For many brides, finding the right wedding cake ranks right up there with choosing the right dress—after all, the cake spends more time in front of the crowd than the bride and groom do, slicing, eating and serving shots are sure to make it into the photo album, and a delectable dessert is the final opportunity to leave a lasting impression on guests. The pressure for perfection is enough to give even the sanest woman a bridezilla moment (or three). For vegan brides, the stakes are even higher since the egg and dairy free confection needs to match or beat a traditional wedding cake in both taste and design.
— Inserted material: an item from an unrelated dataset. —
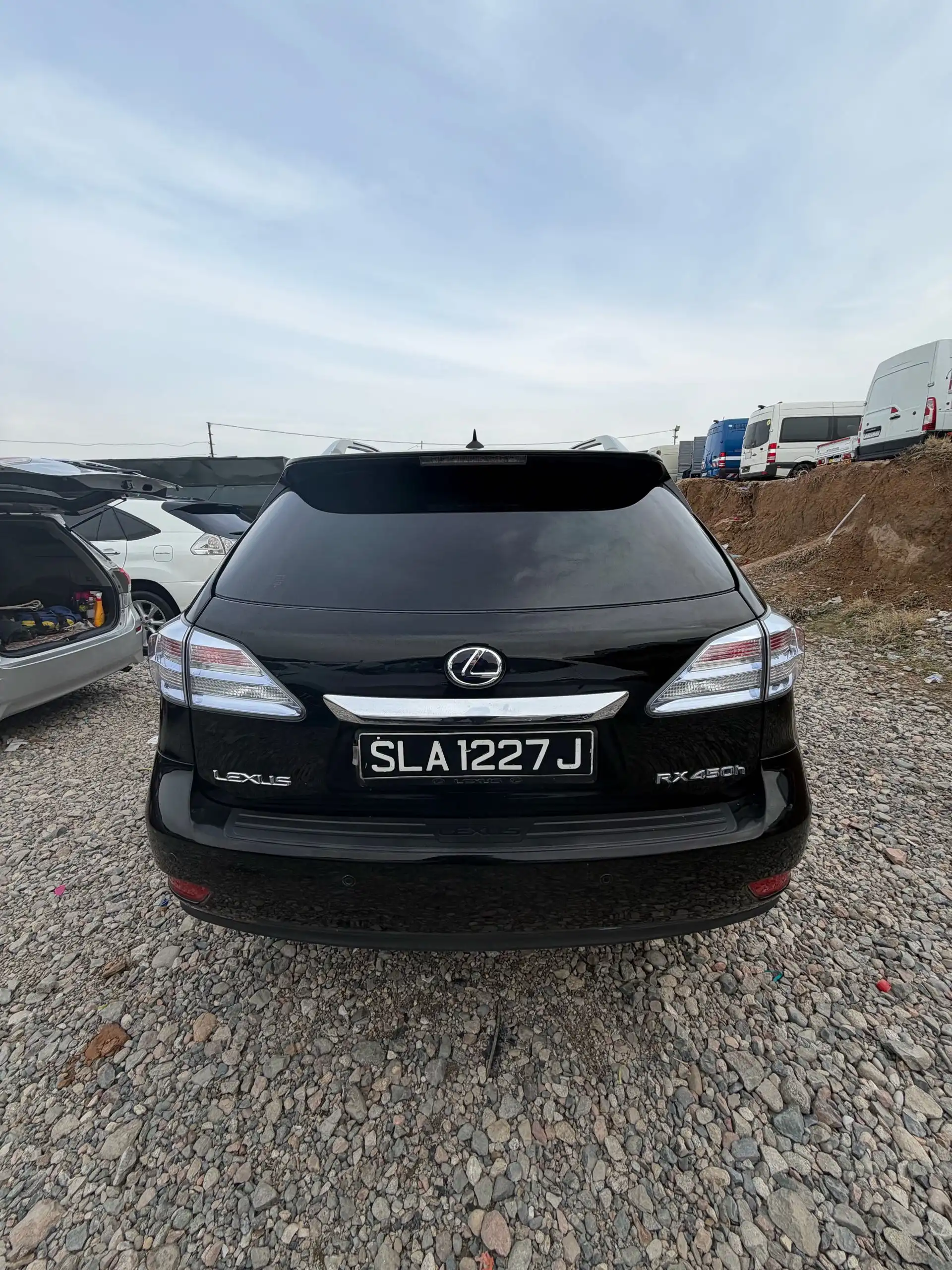 Lexus Rx series 2010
Thanks in part to consumers’ ongoing interest in all things healthy and organic and high profile celebrities making vegan choices, brides have less trouble finding an egg and dairy-free wedding cake than ever before. Organic bakeries that cater to a chic, eco-savvy clientele have developed a willingness to accommodate a host of dietary choices and restrictions—including and especially veganism.
We talked to three pastry chefs who are paving the way for vegan wedding cake perfection. Their stories and tips. Their stories and tips span decades of experience and show how anyone anywhere can make a vegan brides’ dreams a delectable reality.
Mäni’s on Fairfax in Los Angeles is the go-to bakery for health-conscious celebrities, so it’s no surprise vegan wedding cakes became a part of the offerings shortly after their doors opened in 1989—long before the vegan wedding craze hit.
“We use organic produce, organic flours and alternative sweeteners like maple sugar and agave nectar, so we get a lot of people who are interested in the healthier side of things, and we have a very large vegan clientele,” says Meredith Cella, Mäni’s pastry chef and manager. “In fact, nine out of 10 calls I get are about our vegan wedding cakes.”
With all of those calls from brides, Cella knows a thing or two about the wedding cake selection process. Her tip for finding the right one? Don’t be satisfied with any old baker willing to make a dairy-free cake—it’s the specific ingredients a baker uses that ensure a top-notch dessert.
“If you’re going that extra mile to get a vegan wedding cake, you should be sure your vendor is using quality ingredients,” she says. Still, Cella recommends brides trust their own palates and request a tasting. “It’s the only way for a bride to judge for herself if she feels the flavor is there,” she warns.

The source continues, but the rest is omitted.